The Vale and
The Path to Shinty-Ball?
A Quick Analysis
Gradually the path that Vale of Leven F.C., "The Vale", took to its special brand of football that in the late 1870s swept all before it is becoming clearer, including more light cast on the role shinty played in it. The Orr Ewing brothers, Alexander and John, had founded their calico printing- work on the banks of the upper River Leven in 1830s and employed local and often near- Highland labour, with as their sports of choice cricket in the summer and shinty in the winter. The first recorded shinty match between the two works was in 1852. In 1870 2000 on-lookers are said to have come to that year's encounter.
But in 1872 it had not one but now two rivals. By August that year the Vale of Leven Rugby and Athletic Club had been founded. It looks as if the oval-ball game was about to infiltrate. But, whether before or after the formation of VLRAC, Queen's Park Football Club visited Alexandria to demonstrate to the shinty-men its round-ball game and would do so, it is said, again later in the year, at which point, perhaps even without a rugby match having taken place, VLRAC became VLFAC. The Vale of Leven Football and Athletic Club was born and within five years would become the best football club in Scotland certainly and in the World by results by, as Scottish Cup holders for a now second, consecutive time, in 1878 easily defeating away the best England could offer, its FA Cup winners, The Wanderers. Indeed it all might have happened earlier had not the first football rammie not taken place over one of its star-players, John Ferguson, and whether he, as a runner who had taken prize-money at athletics meets, was a professional or not. It meant The Vale had withdrawn from the first two playings of the Scottish Cup, not able to begin to show what it could do until 1875-6, when it at first time of asking reached the semi-final - to lose by the odd goal in three and away at the first Hampden Park to the home club and its former tutor, Queen's Park.

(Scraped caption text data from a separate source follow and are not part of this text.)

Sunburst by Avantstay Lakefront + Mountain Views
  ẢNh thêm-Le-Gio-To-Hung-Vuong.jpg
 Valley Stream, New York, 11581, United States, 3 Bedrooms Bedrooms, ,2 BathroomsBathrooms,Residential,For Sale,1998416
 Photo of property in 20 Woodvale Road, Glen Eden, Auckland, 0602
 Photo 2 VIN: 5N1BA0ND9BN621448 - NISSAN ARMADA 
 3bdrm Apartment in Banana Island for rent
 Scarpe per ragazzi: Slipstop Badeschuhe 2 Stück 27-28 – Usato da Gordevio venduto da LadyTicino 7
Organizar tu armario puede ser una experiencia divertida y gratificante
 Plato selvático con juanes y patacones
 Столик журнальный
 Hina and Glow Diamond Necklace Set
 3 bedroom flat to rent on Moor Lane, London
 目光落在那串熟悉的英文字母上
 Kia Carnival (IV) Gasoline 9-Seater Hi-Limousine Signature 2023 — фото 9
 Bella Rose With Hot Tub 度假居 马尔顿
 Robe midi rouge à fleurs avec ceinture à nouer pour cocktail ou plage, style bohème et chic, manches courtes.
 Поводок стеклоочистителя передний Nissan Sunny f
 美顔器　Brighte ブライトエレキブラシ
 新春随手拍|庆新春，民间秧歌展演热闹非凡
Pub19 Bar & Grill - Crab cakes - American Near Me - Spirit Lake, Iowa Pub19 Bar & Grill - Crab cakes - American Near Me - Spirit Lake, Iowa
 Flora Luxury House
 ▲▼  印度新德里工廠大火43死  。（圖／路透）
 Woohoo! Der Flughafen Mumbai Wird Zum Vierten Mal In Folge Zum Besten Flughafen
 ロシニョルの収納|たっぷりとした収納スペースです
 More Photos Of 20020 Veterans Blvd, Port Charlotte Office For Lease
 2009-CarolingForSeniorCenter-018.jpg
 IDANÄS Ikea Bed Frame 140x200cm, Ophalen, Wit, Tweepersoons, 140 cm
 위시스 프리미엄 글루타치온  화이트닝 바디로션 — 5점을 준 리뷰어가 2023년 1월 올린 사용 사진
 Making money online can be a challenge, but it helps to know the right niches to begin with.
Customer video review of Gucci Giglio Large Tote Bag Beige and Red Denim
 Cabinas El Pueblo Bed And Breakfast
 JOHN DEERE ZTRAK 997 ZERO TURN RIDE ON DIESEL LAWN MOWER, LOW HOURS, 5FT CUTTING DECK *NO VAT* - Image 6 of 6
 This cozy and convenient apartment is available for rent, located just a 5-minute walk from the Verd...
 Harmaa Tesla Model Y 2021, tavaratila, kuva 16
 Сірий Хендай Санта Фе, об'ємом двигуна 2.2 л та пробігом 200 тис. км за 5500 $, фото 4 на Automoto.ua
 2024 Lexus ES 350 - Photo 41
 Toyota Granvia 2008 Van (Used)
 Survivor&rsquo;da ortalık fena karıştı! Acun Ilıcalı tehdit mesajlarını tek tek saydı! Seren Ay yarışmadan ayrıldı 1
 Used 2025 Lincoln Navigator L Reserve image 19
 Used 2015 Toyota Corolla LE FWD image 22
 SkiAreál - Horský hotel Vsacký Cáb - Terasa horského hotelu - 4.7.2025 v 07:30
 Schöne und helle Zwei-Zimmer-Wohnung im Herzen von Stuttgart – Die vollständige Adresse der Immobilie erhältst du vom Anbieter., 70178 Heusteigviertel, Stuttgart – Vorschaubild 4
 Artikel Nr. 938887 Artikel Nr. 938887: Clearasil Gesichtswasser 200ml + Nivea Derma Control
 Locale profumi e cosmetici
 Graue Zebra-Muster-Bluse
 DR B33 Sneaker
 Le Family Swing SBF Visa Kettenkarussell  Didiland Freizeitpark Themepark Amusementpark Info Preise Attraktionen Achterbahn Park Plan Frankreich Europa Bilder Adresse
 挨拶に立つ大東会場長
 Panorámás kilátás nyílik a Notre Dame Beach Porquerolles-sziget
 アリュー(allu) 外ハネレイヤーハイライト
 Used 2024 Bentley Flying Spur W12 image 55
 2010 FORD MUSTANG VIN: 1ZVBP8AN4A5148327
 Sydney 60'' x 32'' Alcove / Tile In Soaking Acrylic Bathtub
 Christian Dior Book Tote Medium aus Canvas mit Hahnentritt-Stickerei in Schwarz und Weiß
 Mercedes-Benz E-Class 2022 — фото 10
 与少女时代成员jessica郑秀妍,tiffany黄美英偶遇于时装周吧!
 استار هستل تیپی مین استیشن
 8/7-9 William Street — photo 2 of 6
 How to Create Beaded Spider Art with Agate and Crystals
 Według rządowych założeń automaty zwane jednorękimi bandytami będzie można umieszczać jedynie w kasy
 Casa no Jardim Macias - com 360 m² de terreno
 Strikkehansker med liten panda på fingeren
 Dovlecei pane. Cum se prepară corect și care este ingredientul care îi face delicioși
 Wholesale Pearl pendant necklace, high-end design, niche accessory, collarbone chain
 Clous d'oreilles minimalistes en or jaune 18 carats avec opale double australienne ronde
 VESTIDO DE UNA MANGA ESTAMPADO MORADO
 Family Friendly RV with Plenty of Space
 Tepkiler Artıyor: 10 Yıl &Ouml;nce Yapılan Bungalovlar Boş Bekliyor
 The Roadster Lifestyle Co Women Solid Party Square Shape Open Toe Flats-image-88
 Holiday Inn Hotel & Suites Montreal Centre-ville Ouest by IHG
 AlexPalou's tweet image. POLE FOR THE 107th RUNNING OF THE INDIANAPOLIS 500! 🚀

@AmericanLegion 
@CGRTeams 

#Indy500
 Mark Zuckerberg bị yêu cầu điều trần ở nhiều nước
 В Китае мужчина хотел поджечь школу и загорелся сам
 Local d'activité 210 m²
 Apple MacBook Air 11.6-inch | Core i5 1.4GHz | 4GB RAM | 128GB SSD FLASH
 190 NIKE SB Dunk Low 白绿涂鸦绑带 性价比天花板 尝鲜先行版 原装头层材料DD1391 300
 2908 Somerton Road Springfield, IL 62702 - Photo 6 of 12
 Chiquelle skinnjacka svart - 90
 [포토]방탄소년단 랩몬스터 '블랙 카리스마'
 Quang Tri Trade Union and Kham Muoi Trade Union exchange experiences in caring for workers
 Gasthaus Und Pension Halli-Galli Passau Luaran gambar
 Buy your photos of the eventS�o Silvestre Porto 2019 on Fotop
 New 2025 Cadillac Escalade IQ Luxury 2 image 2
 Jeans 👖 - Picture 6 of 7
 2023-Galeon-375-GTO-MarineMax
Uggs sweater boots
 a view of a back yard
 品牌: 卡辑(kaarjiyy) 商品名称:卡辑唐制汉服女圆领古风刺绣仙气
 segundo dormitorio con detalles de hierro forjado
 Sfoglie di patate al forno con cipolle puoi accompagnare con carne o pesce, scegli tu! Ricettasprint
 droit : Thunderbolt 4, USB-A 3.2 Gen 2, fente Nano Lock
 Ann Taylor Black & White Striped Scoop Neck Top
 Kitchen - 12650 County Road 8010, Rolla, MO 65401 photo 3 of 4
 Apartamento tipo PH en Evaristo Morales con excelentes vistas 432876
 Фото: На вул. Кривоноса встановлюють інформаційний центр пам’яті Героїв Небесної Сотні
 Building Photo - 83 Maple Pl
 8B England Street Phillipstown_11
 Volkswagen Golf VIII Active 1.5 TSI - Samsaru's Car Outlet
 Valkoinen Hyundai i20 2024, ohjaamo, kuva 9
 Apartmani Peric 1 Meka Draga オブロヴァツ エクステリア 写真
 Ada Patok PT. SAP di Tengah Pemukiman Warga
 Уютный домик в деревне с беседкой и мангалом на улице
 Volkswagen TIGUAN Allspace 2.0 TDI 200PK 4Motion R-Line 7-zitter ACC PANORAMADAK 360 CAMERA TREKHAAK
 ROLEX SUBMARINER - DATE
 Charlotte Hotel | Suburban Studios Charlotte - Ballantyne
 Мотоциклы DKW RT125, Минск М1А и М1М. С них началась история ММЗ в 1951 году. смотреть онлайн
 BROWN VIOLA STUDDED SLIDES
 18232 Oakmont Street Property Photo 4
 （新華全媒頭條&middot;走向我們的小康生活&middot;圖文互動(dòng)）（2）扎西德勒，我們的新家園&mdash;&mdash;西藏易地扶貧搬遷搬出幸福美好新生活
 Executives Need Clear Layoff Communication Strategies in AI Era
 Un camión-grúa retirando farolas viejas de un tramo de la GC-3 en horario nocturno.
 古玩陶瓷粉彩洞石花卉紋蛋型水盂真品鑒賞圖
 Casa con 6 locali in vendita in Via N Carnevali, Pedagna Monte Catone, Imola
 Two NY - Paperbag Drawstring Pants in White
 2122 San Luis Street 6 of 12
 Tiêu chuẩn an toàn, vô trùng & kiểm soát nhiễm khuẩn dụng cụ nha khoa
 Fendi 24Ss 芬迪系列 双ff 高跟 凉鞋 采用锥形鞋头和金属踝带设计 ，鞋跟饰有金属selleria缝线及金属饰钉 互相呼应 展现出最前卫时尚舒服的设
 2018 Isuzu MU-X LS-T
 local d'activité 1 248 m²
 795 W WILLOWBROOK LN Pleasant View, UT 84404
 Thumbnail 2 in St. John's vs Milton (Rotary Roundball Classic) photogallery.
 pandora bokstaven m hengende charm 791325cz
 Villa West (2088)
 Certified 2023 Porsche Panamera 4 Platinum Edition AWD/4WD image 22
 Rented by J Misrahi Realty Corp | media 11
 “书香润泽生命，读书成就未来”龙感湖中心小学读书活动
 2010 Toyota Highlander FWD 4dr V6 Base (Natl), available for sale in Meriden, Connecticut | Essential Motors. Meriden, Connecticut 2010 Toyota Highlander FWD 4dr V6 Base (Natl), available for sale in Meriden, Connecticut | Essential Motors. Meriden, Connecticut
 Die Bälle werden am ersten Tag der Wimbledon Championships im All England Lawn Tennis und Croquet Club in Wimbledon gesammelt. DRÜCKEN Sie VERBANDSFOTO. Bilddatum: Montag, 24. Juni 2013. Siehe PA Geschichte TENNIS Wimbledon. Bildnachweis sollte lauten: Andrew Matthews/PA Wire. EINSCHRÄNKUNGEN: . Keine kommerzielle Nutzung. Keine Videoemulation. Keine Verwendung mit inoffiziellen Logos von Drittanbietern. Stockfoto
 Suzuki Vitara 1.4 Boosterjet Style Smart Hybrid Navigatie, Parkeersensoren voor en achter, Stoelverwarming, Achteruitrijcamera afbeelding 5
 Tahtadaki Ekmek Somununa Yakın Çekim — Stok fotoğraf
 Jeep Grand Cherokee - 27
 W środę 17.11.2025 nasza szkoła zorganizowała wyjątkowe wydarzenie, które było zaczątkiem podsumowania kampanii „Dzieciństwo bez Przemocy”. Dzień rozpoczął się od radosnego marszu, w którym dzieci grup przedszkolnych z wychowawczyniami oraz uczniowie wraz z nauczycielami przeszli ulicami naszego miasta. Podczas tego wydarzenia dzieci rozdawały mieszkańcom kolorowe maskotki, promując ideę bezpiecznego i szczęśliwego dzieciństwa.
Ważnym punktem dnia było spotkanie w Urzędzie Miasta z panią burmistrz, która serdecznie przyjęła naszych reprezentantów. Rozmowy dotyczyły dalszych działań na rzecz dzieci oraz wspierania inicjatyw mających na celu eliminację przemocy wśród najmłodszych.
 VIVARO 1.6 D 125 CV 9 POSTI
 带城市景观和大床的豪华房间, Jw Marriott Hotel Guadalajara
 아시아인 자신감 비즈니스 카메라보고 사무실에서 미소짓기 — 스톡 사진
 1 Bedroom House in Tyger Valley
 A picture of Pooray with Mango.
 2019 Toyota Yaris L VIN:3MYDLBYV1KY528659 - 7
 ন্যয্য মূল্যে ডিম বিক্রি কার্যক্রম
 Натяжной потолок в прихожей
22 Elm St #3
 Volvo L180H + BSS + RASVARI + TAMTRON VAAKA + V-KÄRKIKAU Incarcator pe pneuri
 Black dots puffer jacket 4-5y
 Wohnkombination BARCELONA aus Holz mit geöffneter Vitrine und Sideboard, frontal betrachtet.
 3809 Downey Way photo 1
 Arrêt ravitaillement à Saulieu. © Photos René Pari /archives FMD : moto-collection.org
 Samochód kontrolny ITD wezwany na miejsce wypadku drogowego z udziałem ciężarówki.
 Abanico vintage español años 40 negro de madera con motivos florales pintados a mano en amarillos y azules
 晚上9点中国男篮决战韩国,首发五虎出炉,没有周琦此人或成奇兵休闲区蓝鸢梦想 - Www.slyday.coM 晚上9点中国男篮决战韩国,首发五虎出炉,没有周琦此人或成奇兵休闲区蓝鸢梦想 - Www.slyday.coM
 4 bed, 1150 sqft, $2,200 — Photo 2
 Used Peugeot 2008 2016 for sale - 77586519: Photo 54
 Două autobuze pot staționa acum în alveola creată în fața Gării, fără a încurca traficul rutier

But several of its team were and remained noted shinty-players. John McGregor was one. David Lindsay another, Sandy McLintock, a third and it is impossible to believe that there had not been and and continued to be cross-over. In fact, when in 1879-80 The Vale was knocked out of the Scottish Cup in the first-round away by neighbours, Dumbarton, by the odd goal in seven, an own-goal, it promptly returned to the Highland game and won the 1880 Glasgow Camanachd Cup instead. Moreover, it is said that when the Leven players were invited in 1872 to take the field against Queen's Park they had done so in shinty-formation with, at that moment, the Glasgow club unknowingly having a first glimpse but also perhaps first idea of its own future. It would in the first international in late 1872 introduce defence, using a formation, which might also have originated in shinty. By 1880 it too would all over the park be playing the Vale-way, what might in short-hand be described positionally and in terms of movement as the "Shinty-ball" way, as was by then much of the rest of Scottish football, the national side and teams elsewhere in Britain and even abroad, for example Canada, as there shinty's more obviously direct spin-off, ice-hockey, was also taking root.